One more comment, Patrick-- I did not intend to convey that I was "forgiving" Steve for his sinning against other "consistent," faithful, practicing Catholics in his attitude toward/judgment of them (that they are not "true, Biblical Christians" holding to the "true Gospel"). I can't forgive Steve for how he sins against others. His judgment (and the judgment of the other authors of this blog) of "consistent Catholics," as hlding to a "false gospel," is very clear. It may be a partially *unwitting* sin (my judgment of Catholics was, to an extent, when I was a Calvinist), but objectively sinful judgment it is. With that said, I can't forgive him for it, when it is against others, and I didn't mean to convey that I thought I could. However, given that I do aspire (and, I pray that I much more than aspire!) to be a consistent, faithful Catholic myself, I *can* forgive Steve for his judgment of my salvation, as a so-called "Romanist" (based on his personal interpretation of Scripture)-- and I do forgive him.

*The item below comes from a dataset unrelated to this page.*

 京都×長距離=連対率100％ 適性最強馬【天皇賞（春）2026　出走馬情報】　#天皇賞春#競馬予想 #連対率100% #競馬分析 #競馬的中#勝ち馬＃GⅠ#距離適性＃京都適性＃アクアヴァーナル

Sorry for the typos (again)... not typing on the best keyboard, under the best of circumstances... but the points remain unchanged.
Unfortunately, Christopher, I don't think I have much time to tackle your response since I'm quite busy in school right now. Plus, I think your response, while tangentially related, moves even further away from the post about Zakaria Botros and in fact opens a new debate or two or three. I think we're probably far enough afield as it is.However if you're interested I should note we've had various debates over the years on the topics you raise. If you're interested in how we'd respond as Reformed Protestants, you're welcome to check out the archives. A good way to do that is to search using site:triablogue.blogspot.com followed by whatever term(s) you're interested in. BTW, Jason Engwer is deeply knowledgeable about and has done many fine posts on the early church fathers (among other things relevant to the things you talk about). You might be interested in what he has written too.
Patrick:Thank you for the information; I certainly understand being busy with school (and/or career) and not having much time to engage at length. I will look further into the writings at Triablogue on these subjects. I do have James White's "The Roman Catholic Controversy" and have wrestled with its arguments and found them to be wanting, for various objective reasons. I have also read and heard other Protestant "refutations" of the Catholic Church and its teachings, including attempted refutations of the argument that the early Church was the Catholic Church (or the Orthodox Church-- I considered Eastern Orthodoxy before returning to the Catholic Church).If there had been any way that I could have honestly, legitimately remained Protestant, I would have done so. I returned to the catholic Church, after much reading, study, consideration, and prayer, knowing, as much as I know anything, that it would have been disobedient to God for me to remain a Protestant. I will keep reading (and not just from Catholic and Orthodox sources).